In its decision this court did not in its opinion pass upon the judgment recovered on the second cause of action (third in the complaint) further than to approve the theory upon which it was recovered, and left that cause to be retried together with the first cause, as to which judgment was reversed because it was against the weight of the evidence. Our attention being called to the matter, we now express our determination that the judgment recovered on the second cause of action was also against the weight of the evidence, although still holding that upon proper proof showing a right of recovery the plaintiff may recover what his services were worth. Plaintiff contented himself with proving that he was not consulted in reference to the contract with the Pure Oil Company and that he performed the services connected with its advertising program, and he made proof of the value of his services.
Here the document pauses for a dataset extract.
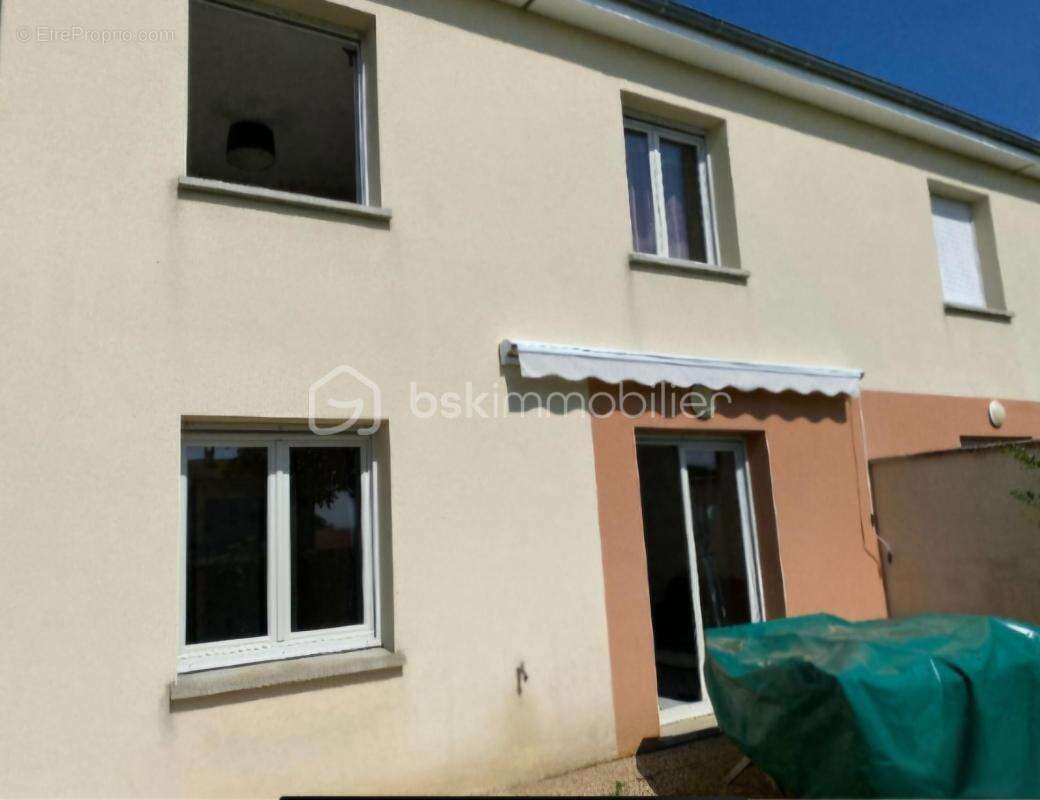 Maison à SAINT-ELOI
But he did not by sufficient evidence meet the testimony of defendant’s witnesses Avery and Lounsberry to the effect that he was told, *670before he performed the services, that he was to receive nothing for them in addition to his weekly salary and that he performed without protest, and accepted his salary of $100 a week for several weeks without protest, and received checks for his salary having on them statements that they were in full for his services, and used the checks after changing the wording of the statements thereon without consulting defendant. There should be a new trial as to both causes of action.
Present — Sears, P. J., Taylor, Edgcomb, Crosby and Lewis, JJ.
Motion for reargument denied, with ten dollars costs.